The court ultimately decided that the former husband’s financial disclosure was sufficient. Even though some items in the list of assets attached to the agreement were listed as having unknown values, the court determined that the former husband was not attempting to conceal his assets from former wife and that the asset list gave former wife “such general and approximate knowledge of his property as to enable [the spouse] to reach an intelligent decision to enter into the agreement.” Id., quoting Del Vecchio v. Del Vecchio, 143 So. 2d 17, 21 (Fla. 1962). So, this shows us that while financial disclosures in Florida need to be full, fair, and open, they do not need to be minutely detailed or exact. What the courts are really looking for in determining whether the disclosure is insufficient, is whether there has been an attempt to conceal assets from the other party.
Protecting Your Prenup: How to Avoid Commingling Assets
While your prenup is hugely important for protecting you and your spouse’s financial wishes, it is not iron-clad. Actions taken by you or your spouse can undo some of the work done by your prenup. But fear not! We’ve got you covered for all the do’s and don’ts to keep your prenup working hard for you.
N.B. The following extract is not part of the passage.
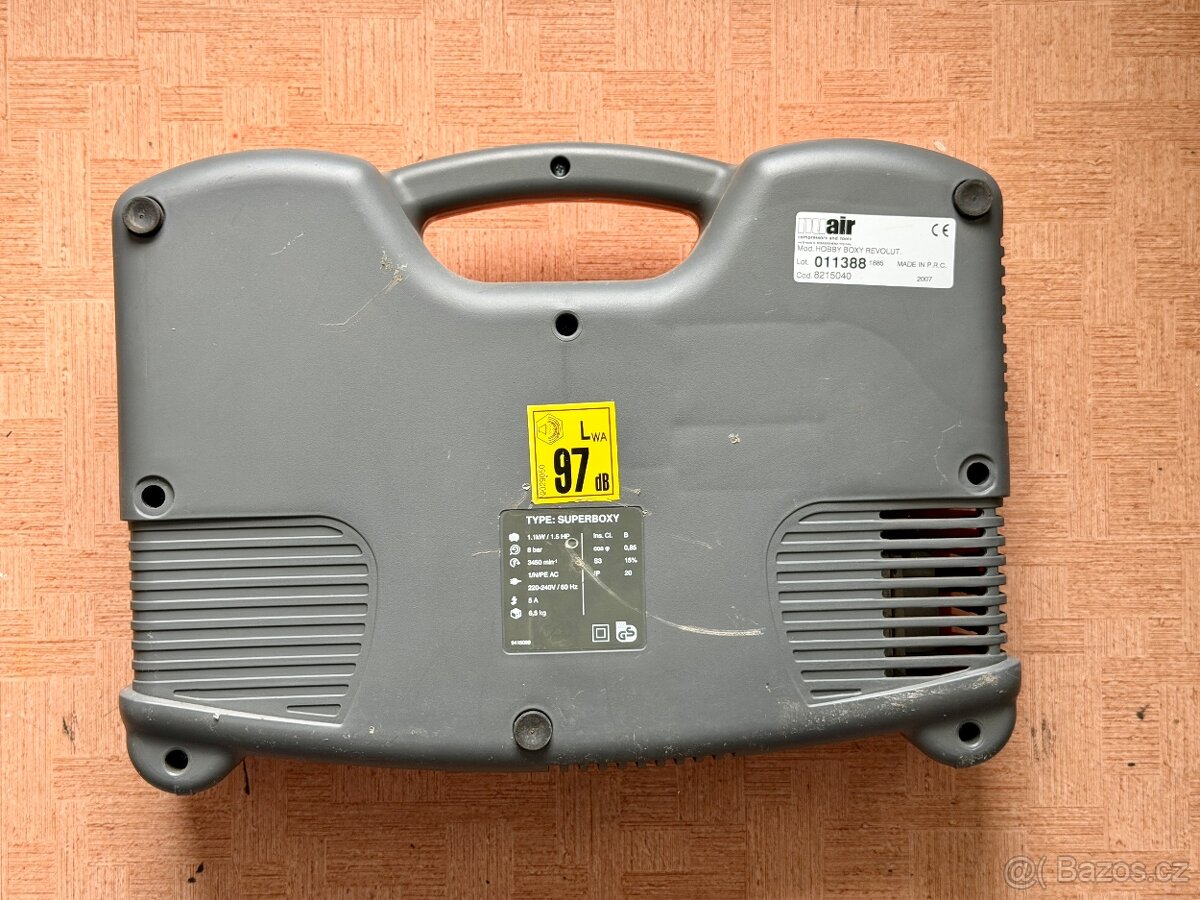 kompresor Nuair Boxy - 2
What does “commingling assets” mean? And why should you care?
Commingling assets is the act of combining separate or non-marital property or assets with marital property. Once separate and marital property is commingled, it is often transformed into marital property. When this occurs, it’s difficult to undo. Commingling becomes an issue when the court is dividing your assets upon divorce.
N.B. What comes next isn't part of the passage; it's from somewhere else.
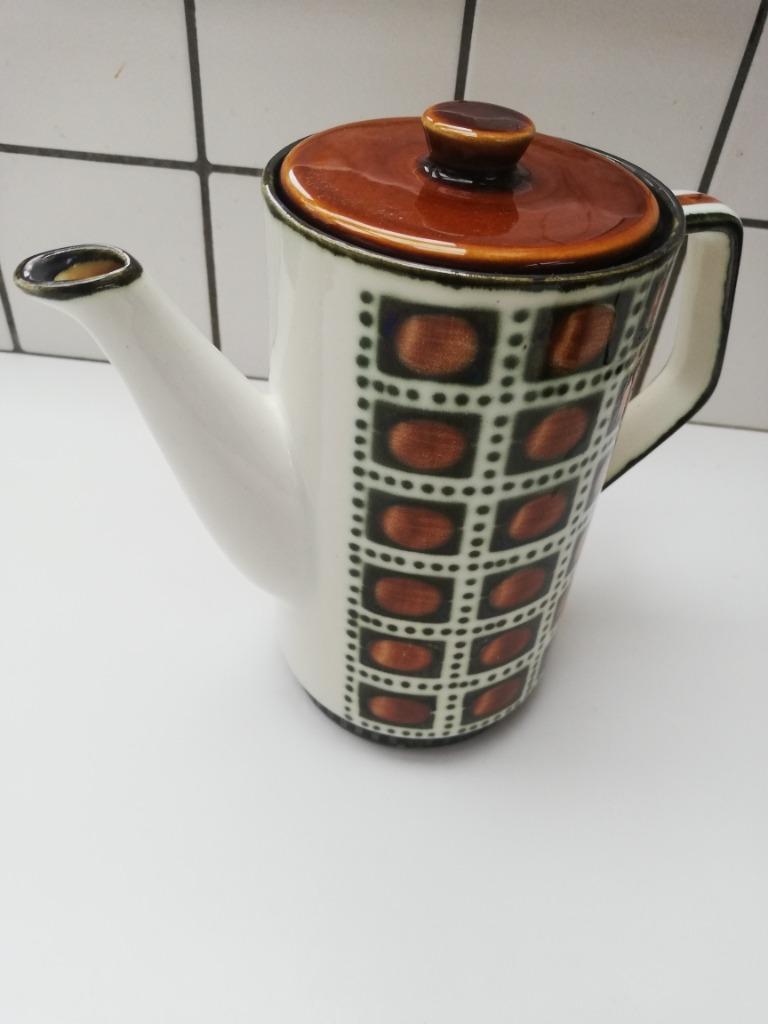 boch koffiepot bernadette, Antiek en Kunst, Ophalen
Here are a few common examples of commingling assets:
Let’s say your spouse owned a home before marriage. In most states, the home would be considered separate property. However, if you contribute marital money to make improvements, then the once separate property could now be considered marital.
If you receive money from a deceased loved one, it is generally considered separate property. However, there are caveats, of course. If you deposit that inheritance into a marital account or use it for marital purchases such as a family car or home, it may be considered marital property by the court.
Many spouses come into a marriage with an existing retirement account. Those would generally be considered separate property. However, after marriage, if marital funds are deposited into the account, the account may be considered marital – or at least the portion of the account after marriage.
How to prevent commingling of assets
Your prenup is, of course, a big help! Your prenup can specify which property you wish to remain separate. However, even with your prenup in place, if you consistently contribute marital funds to a separate account, it muddies the water when it comes to determining if the account is truly marital or separate.
Even if the court determines that the property in question is separate in line with your prenup, commingling can present doubt as to the non-marital nature of an asset which may result in costly litigation.
Here are a few tips to prevent the commingling of assets:
- Keep separate accounts for marital and non-marital funds
- Keep any inheritance in a separate/non-marital account
- Never use marital funds for the purchase of non-marital property
- Use a marital account for “marital expenses”
- Never use marital funds to pay off any portion of non-marital debt
- Keep sufficient records supporting the categorization of your assets or property
Even when you can separate commingled assets/property, be aware that the process can be time-consuming and expensive. Forensic accountants may be necessary in order to truly separate and trace funds to establish the separate or marital nature of an asset. The better practice is, of course, to avoid commingling from the get-go.